[Items listed in a dataset]

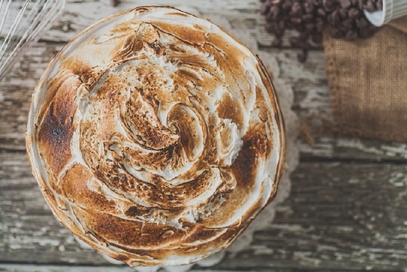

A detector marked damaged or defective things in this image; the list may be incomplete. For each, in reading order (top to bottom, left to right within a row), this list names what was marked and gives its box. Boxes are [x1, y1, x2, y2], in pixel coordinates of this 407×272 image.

charred meringue spot [26, 5, 286, 266]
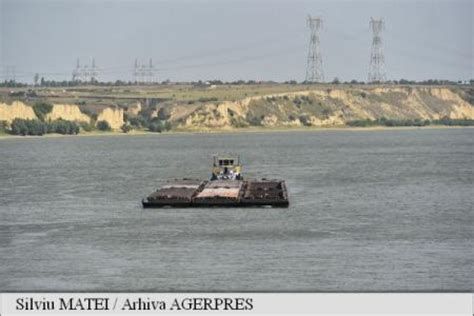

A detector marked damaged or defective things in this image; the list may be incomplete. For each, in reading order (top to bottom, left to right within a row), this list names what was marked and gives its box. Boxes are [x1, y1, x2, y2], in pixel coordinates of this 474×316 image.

rusty barge hull [142, 180, 288, 207]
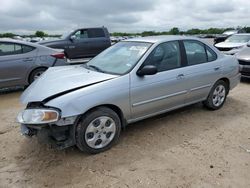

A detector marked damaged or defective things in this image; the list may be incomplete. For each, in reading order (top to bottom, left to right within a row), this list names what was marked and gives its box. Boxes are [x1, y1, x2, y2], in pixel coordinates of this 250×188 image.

cracked headlight [16, 108, 59, 125]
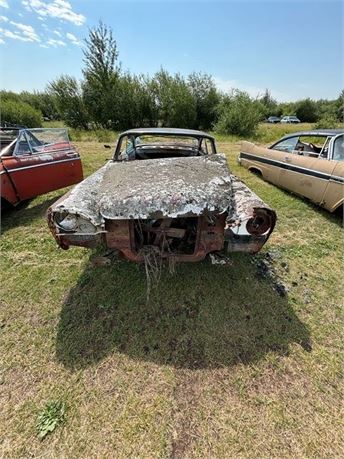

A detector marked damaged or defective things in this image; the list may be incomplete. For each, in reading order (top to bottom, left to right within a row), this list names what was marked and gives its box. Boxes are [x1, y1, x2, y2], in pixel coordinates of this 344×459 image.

rusted car body [0, 128, 83, 209]
rusted car body [47, 128, 276, 262]
abandoned car shell [47, 128, 276, 262]
rusted car body [239, 129, 344, 212]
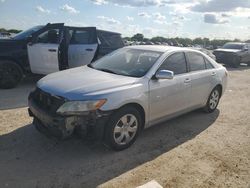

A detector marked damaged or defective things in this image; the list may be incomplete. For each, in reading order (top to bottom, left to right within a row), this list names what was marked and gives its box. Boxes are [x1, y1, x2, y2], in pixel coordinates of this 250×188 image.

damaged front bumper [27, 98, 112, 140]
cracked headlight [56, 99, 106, 115]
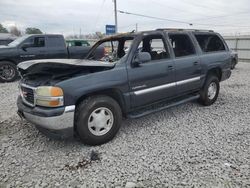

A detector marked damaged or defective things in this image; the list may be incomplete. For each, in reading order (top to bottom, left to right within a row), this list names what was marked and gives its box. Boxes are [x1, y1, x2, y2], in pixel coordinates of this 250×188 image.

damaged front bumper [17, 96, 74, 139]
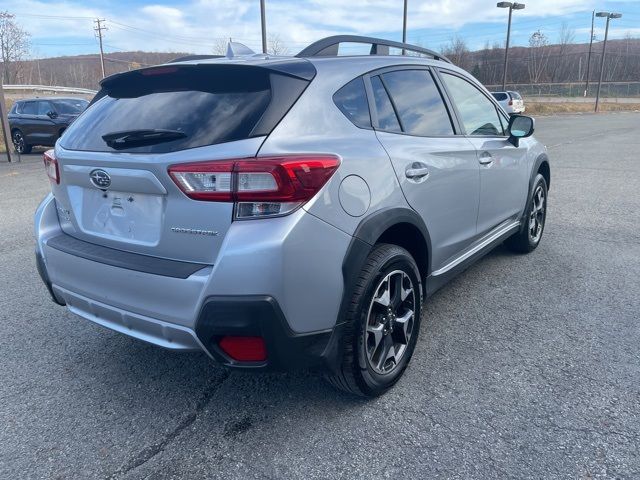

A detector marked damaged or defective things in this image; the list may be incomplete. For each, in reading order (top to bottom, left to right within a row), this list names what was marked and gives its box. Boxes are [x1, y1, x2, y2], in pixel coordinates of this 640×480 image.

cracked pavement [0, 113, 636, 480]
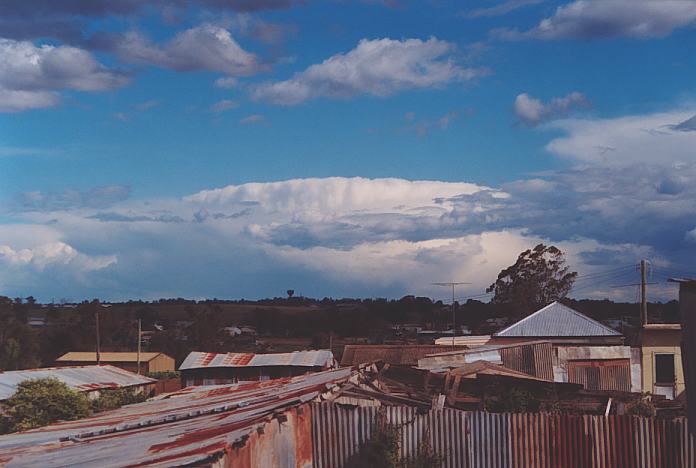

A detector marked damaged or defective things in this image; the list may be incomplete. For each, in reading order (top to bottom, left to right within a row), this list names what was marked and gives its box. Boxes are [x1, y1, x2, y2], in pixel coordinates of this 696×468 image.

rusty corrugated metal roof [178, 350, 334, 372]
rusty corrugated metal roof [0, 366, 154, 398]
rusty corrugated metal roof [0, 368, 356, 466]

**Directions:** Write out all the entries exactly, except for the pictures.

**Answer space:**
A detector marked damaged or defective things in this image; the list may be incomplete. For each, in reading order (top to bottom, left to right within a row), this list names what was marked and gives its box. Boxes are [x1, y1, x2, y2], in pixel coordinates of this 407×272 image.

charred meringue spot [26, 5, 286, 266]

A detector marked damaged or defective things in this image; the list may be incomplete. For each, in reading order (top to bottom, left to right within a row), this list names what was marked and gives its box. Boxes are [x1, y1, x2, y2], in pixel coordinates of this 474×316 image.

rusty barge hull [142, 180, 288, 207]

A detector marked damaged or defective things in this image; the list may be incomplete. For each, in reading order (top to bottom, left to right within a row), this list names what was marked and gives its box. Boxes are [x1, y1, x2, y2], in pixel coordinates of this 250×188 image.

cracked headlight [16, 108, 59, 125]

A detector marked damaged or defective things in this image; the list may be incomplete. For each, in reading order (top to bottom, left to right within a row), this list names what was marked and gives its box. Boxes are [x1, y1, x2, y2], in pixel coordinates of this 344×459 image.

rusted car body [0, 128, 83, 209]
rusted car body [47, 128, 276, 262]
abandoned car shell [47, 128, 276, 262]
rusted car body [239, 129, 344, 212]

A detector marked damaged or defective things in this image; the list may be incomplete. For each, in reading order (top to bottom, left to right within a row), this list names what was marked and gives its box. Boxes are [x1, y1, x2, y2], in pixel coordinates of this 250×188 image.

damaged front bumper [27, 98, 112, 140]
cracked headlight [56, 99, 106, 115]

A detector marked damaged or defective things in this image; the list may be incomplete. For each, in reading order (top to bottom, left to right within a row), this list names what was marked and gives its box. Boxes are [x1, y1, x2, y2], in pixel coordinates of this 250×188 image.

damaged front bumper [17, 96, 74, 139]

A detector marked damaged or defective things in this image; the list may be incomplete. For each, in reading order (top to bottom, left to right within a row), this list names what was marked and gives its box. Boxes are [x1, y1, x2, y2], in pixel coordinates of this 640×480 image.

cracked pavement [0, 113, 636, 480]

A detector marked damaged or defective things in this image; the list may be incomplete. For each, in reading order (top to bottom, left to right within a row), this list names what was marked and gives its box. Boxes are [x1, y1, x2, y2], in pixel coordinates of this 696×468 image.

rusty corrugated metal roof [178, 350, 334, 372]
rusty corrugated metal roof [0, 366, 154, 398]
rusty corrugated metal roof [0, 368, 356, 466]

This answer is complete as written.